- **DATA SHOWN**:
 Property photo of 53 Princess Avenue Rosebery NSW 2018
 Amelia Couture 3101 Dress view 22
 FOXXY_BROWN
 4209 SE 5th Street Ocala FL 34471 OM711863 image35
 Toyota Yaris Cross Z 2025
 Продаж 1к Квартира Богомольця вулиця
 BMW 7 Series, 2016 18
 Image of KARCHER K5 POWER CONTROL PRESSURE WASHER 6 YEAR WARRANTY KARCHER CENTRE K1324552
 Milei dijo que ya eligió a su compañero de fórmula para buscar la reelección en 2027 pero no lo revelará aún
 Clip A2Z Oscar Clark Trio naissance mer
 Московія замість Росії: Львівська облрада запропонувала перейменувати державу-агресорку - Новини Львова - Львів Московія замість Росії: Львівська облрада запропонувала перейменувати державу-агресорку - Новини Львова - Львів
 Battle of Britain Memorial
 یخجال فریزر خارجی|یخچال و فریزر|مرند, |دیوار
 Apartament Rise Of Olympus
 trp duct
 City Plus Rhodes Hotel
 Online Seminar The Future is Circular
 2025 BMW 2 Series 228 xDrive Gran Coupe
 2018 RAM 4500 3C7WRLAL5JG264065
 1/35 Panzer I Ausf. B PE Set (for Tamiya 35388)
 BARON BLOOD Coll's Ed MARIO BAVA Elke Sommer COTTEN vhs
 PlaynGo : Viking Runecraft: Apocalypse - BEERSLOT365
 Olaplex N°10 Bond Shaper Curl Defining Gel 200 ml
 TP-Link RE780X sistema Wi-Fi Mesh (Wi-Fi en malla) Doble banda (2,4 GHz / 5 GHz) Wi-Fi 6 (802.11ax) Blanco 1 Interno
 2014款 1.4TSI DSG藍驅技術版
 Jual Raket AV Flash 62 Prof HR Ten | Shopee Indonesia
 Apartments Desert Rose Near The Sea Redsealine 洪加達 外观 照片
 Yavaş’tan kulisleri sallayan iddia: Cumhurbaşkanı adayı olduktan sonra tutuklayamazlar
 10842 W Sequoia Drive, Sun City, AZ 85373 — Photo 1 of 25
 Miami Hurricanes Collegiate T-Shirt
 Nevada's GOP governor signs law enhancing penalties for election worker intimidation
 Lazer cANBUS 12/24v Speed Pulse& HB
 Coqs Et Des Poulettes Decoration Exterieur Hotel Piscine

- **YOUR GOAL**:
Go through the data and show each line that holds "Hotel".

- **RESPONSE BOX**:
 City Plus Rhodes Hotel
 Coqs Et Des Poulettes Decoration Exterieur Hotel Piscine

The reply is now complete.